YOUR OBJECTIVE
From the first line to the last, print the listing exactly.

○ ○ ○

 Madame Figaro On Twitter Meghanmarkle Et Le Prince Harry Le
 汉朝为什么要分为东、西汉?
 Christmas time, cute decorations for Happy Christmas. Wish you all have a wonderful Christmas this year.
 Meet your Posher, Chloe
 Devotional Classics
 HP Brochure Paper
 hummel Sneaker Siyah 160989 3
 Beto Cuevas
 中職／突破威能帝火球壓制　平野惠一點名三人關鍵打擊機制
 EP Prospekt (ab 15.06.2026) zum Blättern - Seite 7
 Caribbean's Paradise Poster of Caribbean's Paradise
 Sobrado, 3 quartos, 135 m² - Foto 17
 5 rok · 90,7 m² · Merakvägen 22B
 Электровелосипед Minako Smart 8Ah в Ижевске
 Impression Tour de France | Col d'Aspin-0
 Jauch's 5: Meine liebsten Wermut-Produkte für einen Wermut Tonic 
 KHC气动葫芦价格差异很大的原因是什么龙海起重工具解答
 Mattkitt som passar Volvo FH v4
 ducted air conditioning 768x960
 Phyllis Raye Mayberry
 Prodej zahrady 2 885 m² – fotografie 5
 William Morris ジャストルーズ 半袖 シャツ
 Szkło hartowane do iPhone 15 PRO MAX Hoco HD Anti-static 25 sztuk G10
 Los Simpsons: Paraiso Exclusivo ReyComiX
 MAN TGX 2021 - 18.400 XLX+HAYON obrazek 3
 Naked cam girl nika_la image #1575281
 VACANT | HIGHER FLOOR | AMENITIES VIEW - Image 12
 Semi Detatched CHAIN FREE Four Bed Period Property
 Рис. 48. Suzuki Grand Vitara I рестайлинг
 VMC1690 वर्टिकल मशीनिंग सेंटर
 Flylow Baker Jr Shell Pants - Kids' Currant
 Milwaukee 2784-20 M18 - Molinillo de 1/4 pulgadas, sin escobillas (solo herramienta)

○ ○ ○

REPLY TO THE TASK
 Madame Figaro On Twitter Meghanmarkle Et Le Prince Harry Le
 汉朝为什么要分为东、西汉?
 Christmas time, cute decorations for Happy Christmas. Wish you all have a wonderful Christmas this year.
 Meet your Posher, Chloe
 Devotional Classics
 HP Brochure Paper
 hummel Sneaker Siyah 160989 3
 Beto Cuevas
 中職／突破威能帝火球壓制　平野惠一點名三人關鍵打擊機制
 EP Prospekt (ab 15.06.2026) zum Blättern - Seite 7
 Caribbean's Paradise Poster of Caribbean's Paradise
 Sobrado, 3 quartos, 135 m² - Foto 17
 5 rok · 90,7 m² · Merakvägen 22B
 Электровелосипед Minako Smart 8Ah в Ижевске
 Impression Tour de France | Col d'Aspin-0
 Jauch's 5: Meine liebsten Wermut-Produkte für einen Wermut Tonic 
 KHC气动葫芦价格差异很大的原因是什么龙海起重工具解答
 Mattkitt som passar Volvo FH v4
 ducted air conditioning 768x960
 Phyllis Raye Mayberry
 Prodej zahrady 2 885 m² – fotografie 5
 William Morris ジャストルーズ 半袖 シャツ
 Szkło hartowane do iPhone 15 PRO MAX Hoco HD Anti-static 25 sztuk G10
 Los Simpsons: Paraiso Exclusivo ReyComiX
 MAN TGX 2021 - 18.400 XLX+HAYON obrazek 3
 Naked cam girl nika_la image #1575281
 VACANT | HIGHER FLOOR | AMENITIES VIEW - Image 12
 Semi Detatched CHAIN FREE Four Bed Period Property
 Рис. 48. Suzuki Grand Vitara I рестайлинг
 VMC1690 वर्टिकल मशीनिंग सेंटर
 Flylow Baker Jr Shell Pants - Kids' Currant
 Milwaukee 2784-20 M18 - Molinillo de 1/4 pulgadas, sin escobillas (solo herramienta)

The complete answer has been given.